→ **MATERIALS PROVIDED**:
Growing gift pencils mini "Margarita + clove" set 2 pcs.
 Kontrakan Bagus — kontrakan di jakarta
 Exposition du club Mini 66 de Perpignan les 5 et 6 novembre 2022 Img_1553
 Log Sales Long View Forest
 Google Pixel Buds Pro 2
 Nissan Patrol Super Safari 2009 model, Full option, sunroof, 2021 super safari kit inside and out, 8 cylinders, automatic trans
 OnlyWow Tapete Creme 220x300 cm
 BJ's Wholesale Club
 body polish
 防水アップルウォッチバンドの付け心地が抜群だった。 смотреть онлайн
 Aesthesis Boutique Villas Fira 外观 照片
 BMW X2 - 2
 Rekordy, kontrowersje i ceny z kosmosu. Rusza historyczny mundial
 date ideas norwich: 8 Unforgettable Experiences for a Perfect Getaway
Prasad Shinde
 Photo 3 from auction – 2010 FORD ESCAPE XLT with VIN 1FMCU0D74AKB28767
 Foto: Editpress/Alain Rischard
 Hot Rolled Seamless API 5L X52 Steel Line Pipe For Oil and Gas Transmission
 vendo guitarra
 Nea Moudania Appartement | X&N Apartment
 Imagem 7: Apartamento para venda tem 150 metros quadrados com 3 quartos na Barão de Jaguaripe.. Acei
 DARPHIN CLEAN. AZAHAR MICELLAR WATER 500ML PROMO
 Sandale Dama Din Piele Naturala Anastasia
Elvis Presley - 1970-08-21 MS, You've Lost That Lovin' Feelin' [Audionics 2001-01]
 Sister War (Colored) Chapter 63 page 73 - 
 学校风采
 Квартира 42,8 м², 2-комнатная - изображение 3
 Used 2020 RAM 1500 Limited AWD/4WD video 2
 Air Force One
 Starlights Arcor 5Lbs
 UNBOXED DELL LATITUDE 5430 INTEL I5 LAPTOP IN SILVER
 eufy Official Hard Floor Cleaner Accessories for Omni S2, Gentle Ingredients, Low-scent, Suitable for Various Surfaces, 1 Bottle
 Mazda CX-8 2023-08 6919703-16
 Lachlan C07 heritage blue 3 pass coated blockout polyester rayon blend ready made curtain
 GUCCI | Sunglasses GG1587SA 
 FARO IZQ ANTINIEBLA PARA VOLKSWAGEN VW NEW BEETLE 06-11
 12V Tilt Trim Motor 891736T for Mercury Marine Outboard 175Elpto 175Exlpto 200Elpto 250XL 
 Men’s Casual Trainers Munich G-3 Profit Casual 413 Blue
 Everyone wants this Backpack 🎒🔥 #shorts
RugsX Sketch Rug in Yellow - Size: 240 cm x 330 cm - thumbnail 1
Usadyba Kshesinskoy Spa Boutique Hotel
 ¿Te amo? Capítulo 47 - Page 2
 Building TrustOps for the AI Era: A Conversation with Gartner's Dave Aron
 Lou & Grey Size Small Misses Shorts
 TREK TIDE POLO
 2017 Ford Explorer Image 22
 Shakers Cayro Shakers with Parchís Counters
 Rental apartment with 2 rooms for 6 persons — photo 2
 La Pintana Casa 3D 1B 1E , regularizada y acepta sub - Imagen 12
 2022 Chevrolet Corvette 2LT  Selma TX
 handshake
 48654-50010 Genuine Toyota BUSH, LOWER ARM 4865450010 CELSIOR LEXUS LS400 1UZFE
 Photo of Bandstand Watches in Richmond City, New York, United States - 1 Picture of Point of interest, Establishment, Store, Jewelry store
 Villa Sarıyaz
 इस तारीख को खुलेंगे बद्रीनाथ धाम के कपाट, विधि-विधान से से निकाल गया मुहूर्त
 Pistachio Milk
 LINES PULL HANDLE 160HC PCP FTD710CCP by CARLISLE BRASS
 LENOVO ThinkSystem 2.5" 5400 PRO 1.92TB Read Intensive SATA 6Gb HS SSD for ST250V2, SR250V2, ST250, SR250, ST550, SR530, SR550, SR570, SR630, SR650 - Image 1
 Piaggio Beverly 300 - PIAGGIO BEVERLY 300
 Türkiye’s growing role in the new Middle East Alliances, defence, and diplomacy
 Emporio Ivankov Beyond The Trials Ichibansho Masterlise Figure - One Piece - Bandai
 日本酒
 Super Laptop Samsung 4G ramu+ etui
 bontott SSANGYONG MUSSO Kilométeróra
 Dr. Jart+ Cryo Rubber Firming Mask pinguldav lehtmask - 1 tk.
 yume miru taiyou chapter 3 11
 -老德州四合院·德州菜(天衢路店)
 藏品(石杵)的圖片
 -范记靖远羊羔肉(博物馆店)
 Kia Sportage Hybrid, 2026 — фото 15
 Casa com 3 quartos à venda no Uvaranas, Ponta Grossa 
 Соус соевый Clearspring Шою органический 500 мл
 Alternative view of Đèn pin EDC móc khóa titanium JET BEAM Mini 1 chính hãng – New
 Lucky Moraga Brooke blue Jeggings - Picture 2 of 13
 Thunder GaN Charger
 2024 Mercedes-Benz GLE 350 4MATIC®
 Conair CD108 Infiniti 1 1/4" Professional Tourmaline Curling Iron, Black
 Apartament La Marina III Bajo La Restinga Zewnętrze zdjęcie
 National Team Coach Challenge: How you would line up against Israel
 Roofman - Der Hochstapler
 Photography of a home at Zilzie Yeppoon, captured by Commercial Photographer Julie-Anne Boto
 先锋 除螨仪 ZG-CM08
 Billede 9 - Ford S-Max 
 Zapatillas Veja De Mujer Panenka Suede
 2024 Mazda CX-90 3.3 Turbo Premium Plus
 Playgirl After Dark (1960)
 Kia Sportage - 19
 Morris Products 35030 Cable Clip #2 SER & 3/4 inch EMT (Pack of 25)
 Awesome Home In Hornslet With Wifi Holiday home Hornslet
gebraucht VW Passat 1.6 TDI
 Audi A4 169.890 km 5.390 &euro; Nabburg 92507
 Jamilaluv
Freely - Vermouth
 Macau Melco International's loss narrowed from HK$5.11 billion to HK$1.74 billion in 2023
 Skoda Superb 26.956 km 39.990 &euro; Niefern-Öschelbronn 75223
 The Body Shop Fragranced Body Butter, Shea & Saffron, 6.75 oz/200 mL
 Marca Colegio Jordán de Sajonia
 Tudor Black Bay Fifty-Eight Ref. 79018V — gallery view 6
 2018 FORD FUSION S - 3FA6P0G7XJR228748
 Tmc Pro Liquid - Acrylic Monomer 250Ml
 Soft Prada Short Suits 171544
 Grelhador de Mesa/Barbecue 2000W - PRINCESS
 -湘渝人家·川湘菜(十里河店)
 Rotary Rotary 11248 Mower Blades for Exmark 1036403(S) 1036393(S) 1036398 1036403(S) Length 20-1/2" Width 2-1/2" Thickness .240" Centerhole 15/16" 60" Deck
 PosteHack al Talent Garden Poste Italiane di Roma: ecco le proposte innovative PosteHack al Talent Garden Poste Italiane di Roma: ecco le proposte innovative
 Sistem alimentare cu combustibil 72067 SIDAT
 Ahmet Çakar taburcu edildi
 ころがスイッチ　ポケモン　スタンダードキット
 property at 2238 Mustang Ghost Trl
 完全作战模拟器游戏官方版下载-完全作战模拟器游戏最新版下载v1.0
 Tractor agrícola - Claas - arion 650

→ **ASSIGNED TASK**: Word for word, repeat the data from its first line through the line with "Photo 3 from", including both of those lines and no others.

→ **ANSWER SPACE**:
Growing gift pencils mini "Margarita + clove" set 2 pcs.
 Kontrakan Bagus — kontrakan di jakarta
 Exposition du club Mini 66 de Perpignan les 5 et 6 novembre 2022 Img_1553
 Log Sales Long View Forest
 Google Pixel Buds Pro 2
 Nissan Patrol Super Safari 2009 model, Full option, sunroof, 2021 super safari kit inside and out, 8 cylinders, automatic trans
 OnlyWow Tapete Creme 220x300 cm
 BJ's Wholesale Club
 body polish
 防水アップルウォッチバンドの付け心地が抜群だった。 смотреть онлайн
 Aesthesis Boutique Villas Fira 外观 照片
 BMW X2 - 2
 Rekordy, kontrowersje i ceny z kosmosu. Rusza historyczny mundial
 date ideas norwich: 8 Unforgettable Experiences for a Perfect Getaway
Prasad Shinde
 Photo 3 from auction – 2010 FORD ESCAPE XLT with VIN 1FMCU0D74AKB28767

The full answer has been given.